Fill fixed size char array with integers in C++

Question

I want to store integers in char array ex: 0 up to 1449, I checked other posts and I tried memset, sprinf etc. but either I get gibberish characters or unreadable symbols when I print inside of char array. Can anyone help please?

I checked the duplicate link however I am not trying to print int to char, I want to store int in char array. But I tried buf[i] = static_cast<char>(i); inside for loop but it didn't work. Casting didn't work.

The last one I tried is like this: char buf[1450];

for (int i = 0; i < 1449; i++)
{
    memset(buf, ' '+ i, 1450);
    cout << buf[i];
}

The output is:

Answer 1

You are going to have to explain better what it is you want, because "store integers in char array" is exactly what this code does:

char buf[1450];

for (int i = 0; i < 1450; i++)
{
    buf[i] = static_cast<char>(i);
    std::cout << buf[i];
}

Yes, the output is similar to what your picture shows, but that is also the correct output.

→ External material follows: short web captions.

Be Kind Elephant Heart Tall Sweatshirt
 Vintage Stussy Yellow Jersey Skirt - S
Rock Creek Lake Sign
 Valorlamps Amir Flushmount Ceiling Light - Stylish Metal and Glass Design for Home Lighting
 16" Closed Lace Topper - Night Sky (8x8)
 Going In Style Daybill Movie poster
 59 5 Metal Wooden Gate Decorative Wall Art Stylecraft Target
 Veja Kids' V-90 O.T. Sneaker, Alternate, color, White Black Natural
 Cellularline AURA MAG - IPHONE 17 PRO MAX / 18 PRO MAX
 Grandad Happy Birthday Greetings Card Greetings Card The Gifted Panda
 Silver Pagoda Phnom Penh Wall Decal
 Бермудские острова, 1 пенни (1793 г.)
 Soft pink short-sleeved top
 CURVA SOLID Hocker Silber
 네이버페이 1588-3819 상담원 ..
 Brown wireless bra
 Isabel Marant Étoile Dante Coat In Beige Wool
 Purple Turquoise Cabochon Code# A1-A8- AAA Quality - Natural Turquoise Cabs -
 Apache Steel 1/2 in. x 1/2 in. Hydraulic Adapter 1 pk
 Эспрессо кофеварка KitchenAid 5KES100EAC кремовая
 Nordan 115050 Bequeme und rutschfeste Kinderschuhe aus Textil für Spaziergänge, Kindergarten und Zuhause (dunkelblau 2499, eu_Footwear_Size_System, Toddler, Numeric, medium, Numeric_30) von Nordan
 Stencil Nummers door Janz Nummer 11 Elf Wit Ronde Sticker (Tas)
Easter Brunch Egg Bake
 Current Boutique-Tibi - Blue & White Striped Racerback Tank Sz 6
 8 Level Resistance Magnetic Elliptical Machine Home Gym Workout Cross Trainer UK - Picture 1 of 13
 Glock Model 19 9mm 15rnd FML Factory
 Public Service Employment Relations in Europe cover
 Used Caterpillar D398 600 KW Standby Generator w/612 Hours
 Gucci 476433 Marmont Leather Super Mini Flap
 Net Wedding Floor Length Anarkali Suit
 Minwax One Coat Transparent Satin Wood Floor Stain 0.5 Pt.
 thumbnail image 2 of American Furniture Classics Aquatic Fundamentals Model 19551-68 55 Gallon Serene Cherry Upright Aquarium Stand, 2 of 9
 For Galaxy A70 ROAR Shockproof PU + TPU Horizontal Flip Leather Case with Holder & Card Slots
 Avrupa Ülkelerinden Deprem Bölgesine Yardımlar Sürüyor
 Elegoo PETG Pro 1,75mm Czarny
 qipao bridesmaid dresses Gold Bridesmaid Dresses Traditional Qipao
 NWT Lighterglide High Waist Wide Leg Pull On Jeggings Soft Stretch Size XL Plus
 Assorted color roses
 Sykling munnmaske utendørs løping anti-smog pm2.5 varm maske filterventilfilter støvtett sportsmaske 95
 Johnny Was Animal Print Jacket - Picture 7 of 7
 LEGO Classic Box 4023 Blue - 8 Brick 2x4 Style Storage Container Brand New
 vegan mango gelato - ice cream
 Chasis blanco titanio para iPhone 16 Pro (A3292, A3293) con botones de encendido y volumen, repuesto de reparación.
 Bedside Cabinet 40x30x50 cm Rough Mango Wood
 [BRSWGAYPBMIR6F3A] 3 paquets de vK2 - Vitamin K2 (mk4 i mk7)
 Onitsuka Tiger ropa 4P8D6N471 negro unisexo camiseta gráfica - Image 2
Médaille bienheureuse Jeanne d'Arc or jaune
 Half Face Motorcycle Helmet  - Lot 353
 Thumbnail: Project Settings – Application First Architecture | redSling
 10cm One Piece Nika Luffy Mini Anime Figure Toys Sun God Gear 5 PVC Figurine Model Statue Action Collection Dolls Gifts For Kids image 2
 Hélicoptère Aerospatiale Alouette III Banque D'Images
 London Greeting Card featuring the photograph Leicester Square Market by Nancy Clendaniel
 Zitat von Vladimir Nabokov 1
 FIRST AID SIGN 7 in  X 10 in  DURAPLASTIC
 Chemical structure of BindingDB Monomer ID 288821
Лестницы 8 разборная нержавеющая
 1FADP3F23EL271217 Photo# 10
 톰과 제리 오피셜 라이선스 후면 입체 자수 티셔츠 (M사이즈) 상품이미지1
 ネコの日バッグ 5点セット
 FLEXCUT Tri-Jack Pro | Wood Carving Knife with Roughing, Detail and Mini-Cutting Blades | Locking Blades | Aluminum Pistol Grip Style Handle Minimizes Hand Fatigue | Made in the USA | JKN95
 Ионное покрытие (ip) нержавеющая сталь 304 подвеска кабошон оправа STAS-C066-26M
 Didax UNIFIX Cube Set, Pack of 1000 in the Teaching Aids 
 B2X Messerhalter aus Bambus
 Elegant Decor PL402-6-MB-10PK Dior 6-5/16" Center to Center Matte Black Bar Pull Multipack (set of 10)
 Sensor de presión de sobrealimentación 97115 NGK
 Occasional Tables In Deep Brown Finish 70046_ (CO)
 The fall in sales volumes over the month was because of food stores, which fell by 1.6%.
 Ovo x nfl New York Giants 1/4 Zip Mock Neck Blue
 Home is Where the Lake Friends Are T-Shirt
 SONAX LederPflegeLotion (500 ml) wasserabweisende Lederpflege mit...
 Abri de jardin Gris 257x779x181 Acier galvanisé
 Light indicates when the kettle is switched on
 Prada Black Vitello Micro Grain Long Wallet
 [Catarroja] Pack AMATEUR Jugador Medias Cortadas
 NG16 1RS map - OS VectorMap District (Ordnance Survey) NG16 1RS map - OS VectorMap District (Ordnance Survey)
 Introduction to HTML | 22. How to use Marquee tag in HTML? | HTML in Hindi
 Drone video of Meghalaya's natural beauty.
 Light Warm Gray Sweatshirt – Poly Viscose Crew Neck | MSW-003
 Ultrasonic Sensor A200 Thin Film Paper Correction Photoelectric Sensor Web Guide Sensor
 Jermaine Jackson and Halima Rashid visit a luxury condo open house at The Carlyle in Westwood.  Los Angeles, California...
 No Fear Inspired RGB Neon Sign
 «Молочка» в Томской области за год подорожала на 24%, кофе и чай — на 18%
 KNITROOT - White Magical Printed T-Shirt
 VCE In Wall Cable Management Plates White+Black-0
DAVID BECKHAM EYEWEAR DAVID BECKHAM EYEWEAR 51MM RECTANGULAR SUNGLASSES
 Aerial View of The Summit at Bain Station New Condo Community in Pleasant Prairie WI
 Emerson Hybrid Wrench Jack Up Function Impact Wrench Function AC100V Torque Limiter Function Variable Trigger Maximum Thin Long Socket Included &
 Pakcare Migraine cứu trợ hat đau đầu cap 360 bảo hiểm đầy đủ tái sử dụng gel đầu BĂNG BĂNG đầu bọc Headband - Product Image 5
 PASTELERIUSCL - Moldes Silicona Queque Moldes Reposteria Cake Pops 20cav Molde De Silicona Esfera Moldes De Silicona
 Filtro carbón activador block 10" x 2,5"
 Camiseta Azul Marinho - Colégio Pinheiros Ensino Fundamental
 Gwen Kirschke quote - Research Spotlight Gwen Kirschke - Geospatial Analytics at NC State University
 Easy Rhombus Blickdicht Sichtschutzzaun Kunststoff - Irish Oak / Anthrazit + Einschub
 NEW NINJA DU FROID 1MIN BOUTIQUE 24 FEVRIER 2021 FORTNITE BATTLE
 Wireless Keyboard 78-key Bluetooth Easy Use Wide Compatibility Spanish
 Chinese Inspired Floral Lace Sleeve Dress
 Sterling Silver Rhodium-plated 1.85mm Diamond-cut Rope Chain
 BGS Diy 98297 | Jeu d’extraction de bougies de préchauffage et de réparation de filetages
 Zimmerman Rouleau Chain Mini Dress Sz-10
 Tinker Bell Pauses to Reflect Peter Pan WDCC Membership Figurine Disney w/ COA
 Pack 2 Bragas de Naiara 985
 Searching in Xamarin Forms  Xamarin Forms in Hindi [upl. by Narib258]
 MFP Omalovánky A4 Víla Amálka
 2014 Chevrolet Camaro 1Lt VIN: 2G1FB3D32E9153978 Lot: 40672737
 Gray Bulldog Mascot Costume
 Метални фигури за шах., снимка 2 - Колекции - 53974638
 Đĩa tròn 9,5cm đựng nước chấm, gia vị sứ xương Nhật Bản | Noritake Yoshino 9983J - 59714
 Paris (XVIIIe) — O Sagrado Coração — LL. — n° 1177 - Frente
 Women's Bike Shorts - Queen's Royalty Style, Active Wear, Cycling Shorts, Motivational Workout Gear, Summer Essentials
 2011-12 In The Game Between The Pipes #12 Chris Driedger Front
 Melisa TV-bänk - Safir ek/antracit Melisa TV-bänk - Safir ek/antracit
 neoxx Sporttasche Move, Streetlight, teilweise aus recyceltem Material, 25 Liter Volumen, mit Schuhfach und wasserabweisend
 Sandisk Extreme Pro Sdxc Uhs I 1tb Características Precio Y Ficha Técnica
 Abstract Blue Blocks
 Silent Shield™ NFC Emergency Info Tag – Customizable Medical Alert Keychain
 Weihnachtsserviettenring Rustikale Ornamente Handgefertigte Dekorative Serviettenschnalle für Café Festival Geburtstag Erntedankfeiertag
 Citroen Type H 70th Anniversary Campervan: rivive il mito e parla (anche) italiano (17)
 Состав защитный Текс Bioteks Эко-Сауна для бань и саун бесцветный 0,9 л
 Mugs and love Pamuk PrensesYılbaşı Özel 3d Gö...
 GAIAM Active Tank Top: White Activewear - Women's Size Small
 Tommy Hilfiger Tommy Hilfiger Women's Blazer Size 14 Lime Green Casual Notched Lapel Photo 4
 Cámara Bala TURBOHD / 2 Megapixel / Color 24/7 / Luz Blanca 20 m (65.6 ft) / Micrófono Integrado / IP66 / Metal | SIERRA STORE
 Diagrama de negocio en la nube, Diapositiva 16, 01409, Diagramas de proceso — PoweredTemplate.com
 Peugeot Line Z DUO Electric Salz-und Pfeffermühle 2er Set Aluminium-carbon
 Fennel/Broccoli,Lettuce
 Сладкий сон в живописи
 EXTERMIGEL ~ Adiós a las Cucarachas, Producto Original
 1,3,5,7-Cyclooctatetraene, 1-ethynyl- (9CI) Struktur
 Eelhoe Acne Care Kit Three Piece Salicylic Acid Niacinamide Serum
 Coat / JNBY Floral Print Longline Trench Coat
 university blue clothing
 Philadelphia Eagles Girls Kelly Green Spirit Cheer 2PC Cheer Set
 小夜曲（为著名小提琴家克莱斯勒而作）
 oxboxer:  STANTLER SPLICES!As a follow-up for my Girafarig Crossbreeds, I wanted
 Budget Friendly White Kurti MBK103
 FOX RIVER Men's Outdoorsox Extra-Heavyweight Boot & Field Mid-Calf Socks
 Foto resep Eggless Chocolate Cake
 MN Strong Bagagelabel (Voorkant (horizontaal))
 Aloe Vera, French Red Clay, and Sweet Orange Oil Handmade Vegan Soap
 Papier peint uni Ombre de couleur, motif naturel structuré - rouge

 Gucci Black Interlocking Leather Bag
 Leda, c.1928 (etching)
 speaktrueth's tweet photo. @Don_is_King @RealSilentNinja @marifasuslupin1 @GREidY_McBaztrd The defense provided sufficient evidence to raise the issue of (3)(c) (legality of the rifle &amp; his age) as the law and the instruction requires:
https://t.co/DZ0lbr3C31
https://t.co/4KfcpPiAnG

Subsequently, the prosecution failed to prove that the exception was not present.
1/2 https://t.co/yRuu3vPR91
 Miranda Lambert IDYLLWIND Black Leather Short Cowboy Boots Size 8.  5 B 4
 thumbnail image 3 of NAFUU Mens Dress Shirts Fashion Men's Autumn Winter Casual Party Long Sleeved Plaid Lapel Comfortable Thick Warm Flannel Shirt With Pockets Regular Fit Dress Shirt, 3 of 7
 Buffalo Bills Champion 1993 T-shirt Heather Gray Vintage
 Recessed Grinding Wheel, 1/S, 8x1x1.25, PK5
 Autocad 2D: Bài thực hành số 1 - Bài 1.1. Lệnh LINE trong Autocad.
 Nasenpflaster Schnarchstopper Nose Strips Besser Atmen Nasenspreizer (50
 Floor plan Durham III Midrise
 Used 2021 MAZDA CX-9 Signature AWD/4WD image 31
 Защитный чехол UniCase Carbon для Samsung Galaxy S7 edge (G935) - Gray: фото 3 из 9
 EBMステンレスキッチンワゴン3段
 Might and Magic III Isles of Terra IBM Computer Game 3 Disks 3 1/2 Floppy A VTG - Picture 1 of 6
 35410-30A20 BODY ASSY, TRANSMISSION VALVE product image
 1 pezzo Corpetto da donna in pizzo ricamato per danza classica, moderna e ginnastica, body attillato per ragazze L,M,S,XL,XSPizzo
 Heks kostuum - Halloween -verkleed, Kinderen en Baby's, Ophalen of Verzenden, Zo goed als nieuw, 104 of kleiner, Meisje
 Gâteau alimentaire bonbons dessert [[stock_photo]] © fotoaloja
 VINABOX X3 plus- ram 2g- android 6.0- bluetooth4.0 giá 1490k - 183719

When you use a debugger to look at buf after the loop, then it does contain: 0, 1, 2, 3, ..., 126, 127, -128, -127, ..., 0, 1, 2, 3, ... and so on, which is the expected contents given that we are trying to put the numbers 0-1449 into an integer type that (in this case*) can contain the range [-128;127].

If this is not the behavior you are looking for (it sounds like it isn't), then you need to describe your requirements in more detail or we won't be able to help you.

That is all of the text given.